Posted in particle physics, quantum physics

Physicists use a Bose-Einstein condensate to study phase transitions in an iron pnictide superconductor.


Physicists have deployed a Bose-Einstein condensate (BEC) as a “quantum microscope” to study phase transitions in a high-temperature superconductor. The experiment marks the first time a BEC has been used to probe such a complicated condensed-matter phenomenon, and the results – a solution to a puzzle involving transition temperatures in iron pnictide superconductors – suggest that the technique could help untangle the complex factors that enhance and inhibit high-temperature superconductivity.

A BEC is a state of matter that forms when a gas of bosons (particles with integer quantum spin) is cooled to such low temperatures that all the bosons fall into the same quantum state. Under these conditions, the bosons are highly sensitive to tiny fluctuations in the local magnetic field, which perturb their collective wavefunction and create patches of greater and lesser density in the gas.

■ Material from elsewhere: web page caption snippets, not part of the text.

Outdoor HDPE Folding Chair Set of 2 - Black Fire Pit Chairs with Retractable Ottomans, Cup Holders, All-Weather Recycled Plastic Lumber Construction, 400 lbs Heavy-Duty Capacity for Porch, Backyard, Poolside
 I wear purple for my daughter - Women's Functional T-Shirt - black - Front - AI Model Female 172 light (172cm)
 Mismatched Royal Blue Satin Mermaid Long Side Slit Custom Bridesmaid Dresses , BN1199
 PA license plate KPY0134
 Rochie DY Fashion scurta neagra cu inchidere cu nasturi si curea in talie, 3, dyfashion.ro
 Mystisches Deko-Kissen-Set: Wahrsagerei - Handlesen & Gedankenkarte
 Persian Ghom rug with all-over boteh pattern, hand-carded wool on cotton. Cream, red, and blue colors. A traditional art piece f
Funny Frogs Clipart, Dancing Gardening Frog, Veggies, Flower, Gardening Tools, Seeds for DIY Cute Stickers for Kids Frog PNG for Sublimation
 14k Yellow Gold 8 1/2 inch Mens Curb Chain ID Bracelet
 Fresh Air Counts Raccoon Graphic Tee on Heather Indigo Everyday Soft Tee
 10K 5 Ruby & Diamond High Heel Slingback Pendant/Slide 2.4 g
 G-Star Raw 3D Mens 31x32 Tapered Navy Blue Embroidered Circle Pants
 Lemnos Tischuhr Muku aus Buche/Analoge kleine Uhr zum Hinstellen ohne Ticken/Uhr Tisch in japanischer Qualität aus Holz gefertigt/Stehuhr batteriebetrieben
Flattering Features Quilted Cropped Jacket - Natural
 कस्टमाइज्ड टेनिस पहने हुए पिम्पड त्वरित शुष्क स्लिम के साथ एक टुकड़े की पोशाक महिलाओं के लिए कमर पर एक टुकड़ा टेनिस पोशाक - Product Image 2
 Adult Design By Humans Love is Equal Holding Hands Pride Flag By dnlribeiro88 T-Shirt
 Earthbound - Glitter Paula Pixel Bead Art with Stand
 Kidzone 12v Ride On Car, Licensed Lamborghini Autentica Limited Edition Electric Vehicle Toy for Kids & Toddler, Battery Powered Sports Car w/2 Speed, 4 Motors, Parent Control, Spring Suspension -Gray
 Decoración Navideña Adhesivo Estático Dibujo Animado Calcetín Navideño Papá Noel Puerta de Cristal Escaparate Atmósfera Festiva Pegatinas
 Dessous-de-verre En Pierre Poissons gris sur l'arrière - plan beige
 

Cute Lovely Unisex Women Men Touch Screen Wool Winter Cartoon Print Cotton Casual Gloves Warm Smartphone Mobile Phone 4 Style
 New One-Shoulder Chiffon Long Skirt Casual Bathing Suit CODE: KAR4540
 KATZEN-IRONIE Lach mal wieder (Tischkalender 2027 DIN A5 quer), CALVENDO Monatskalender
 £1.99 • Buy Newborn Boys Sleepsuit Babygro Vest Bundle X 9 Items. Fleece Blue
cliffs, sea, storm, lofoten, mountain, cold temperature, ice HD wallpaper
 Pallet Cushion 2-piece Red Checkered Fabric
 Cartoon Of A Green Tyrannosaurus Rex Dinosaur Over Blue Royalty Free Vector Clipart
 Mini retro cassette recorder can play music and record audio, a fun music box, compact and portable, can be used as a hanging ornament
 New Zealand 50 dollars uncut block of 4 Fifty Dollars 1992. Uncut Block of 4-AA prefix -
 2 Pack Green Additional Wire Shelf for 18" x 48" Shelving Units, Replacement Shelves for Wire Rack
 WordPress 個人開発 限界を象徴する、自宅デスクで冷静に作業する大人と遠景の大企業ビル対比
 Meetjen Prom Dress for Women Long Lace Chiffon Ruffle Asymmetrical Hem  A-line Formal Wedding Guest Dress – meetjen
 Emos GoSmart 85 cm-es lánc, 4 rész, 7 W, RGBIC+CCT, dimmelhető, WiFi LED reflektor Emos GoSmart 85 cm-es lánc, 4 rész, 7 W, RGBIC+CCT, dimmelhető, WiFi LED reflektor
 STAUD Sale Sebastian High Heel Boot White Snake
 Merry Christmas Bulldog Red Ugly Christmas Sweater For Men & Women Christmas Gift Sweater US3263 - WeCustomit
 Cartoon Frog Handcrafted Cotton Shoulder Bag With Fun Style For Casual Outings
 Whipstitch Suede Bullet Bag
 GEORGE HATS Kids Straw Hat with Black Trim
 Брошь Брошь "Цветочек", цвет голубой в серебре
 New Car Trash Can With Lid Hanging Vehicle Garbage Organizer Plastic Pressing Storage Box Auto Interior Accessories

These variations in density can then be detected using optical techniques.

The new instrument, known as a scanning quantum cryogenic atom microscope (SQCRAMscope), puts this magnetic field sensitivity to practical use. “Our SQCRAMscope is basically like a microscope – a big lens, focusing light down on a sample, looking at the reflected light – except right at the focus we have a collection of quantum atoms that transduces the magnetic field into a light field,” explains team leader Benjamin Lev, a physicist at Stanford University in the US. “It’s a quantum gas transducer.”